2. Quelques considérations sur l'appréciation économique et financière des situations de fort endettement public

Ces observations arithmétiques doivent être complétées par des considérations plus économiques .

S'il est bien vrai qu'un pays où le poids de la dette publique est relativement élevé peut stabiliser celui-ci avec un déficit public lui-même comparativement élevé, ce constat arithmétique ne signifie pas qu'il lui soit plus facile d'atteindre ce solde stabilisant.

On peut, en premier lieu, observer que le niveau de la dette publique dépend d'une accumulation donnée de déficits publics au terme de laquelle l'endettement aura crû davantage que le produit intérieur brut. Autrement dit, entre deux pays connaissant des niveaux différents de dette publique, celui où il est le plus élevé est celui pour lequel l'écart entre la progression de la dette publique et la croissance économique a été le plus fort.

Il se peut que, pour un tel pays, l'effort à entreprendre pour retourner à une trajectoire de la dette parallèle à celle du PIB soit aussi le plus exigeant.

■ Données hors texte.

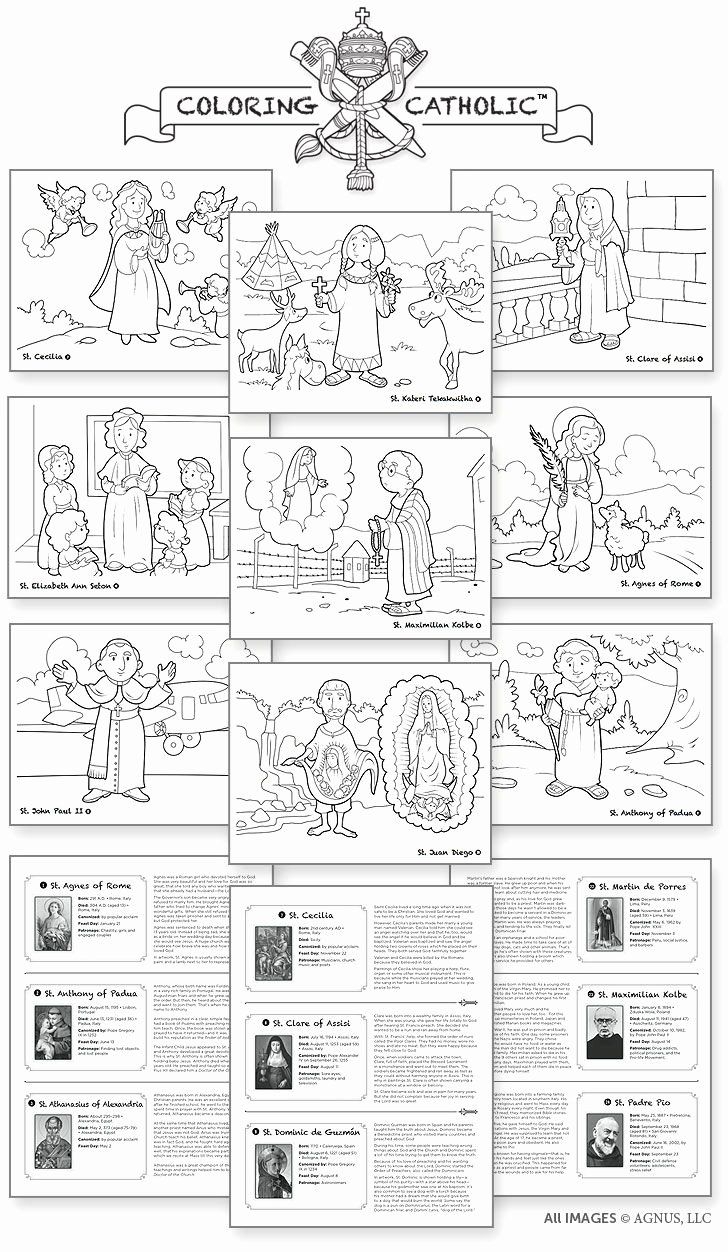 Order Of The Mass Worksheet Lovely Catholic Mass Parts In Order Order Of The Mass Worksheet Lovely Catholic Mass Parts In Order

Il ne s'agit cependant pas d'une certitude pour ou moins deux raisons. En premier lieu, l'augmentation de la dette peut avoir servi à acquérir des actifs qu'il est possible de céder. Le suivi de la seule dette brute se révèle ainsi insuffisant pour apprécier la situation financière des États. La crise en cours qui a entraîné des prises de participation - sous des formes variées - dans des entreprises par les Etats montre qu'il peut exister différentes configurations de variations des dettes nettes des actifs pour une même variation de la dette publique brute.

En second lieu, même s'il n'existe pas de contreparties directes de la dette publique en termes d'actifs, la dette publique finance des dépenses publiques, ou résulte d'allègements fiscaux, dont l'effet sur la croissance économique doit être pris en compte.

C'est évidemment là le point crucial.

En théorie, une augmentation de la dette publique manifeste que les déficits publics s'accumulent plus que le PIB ; autrement dit, cela signifie que l'effet multiplicateur du déficit public est, à long terme, inférieur à l'unité (le produit additionnel est moins élevé que le déficit).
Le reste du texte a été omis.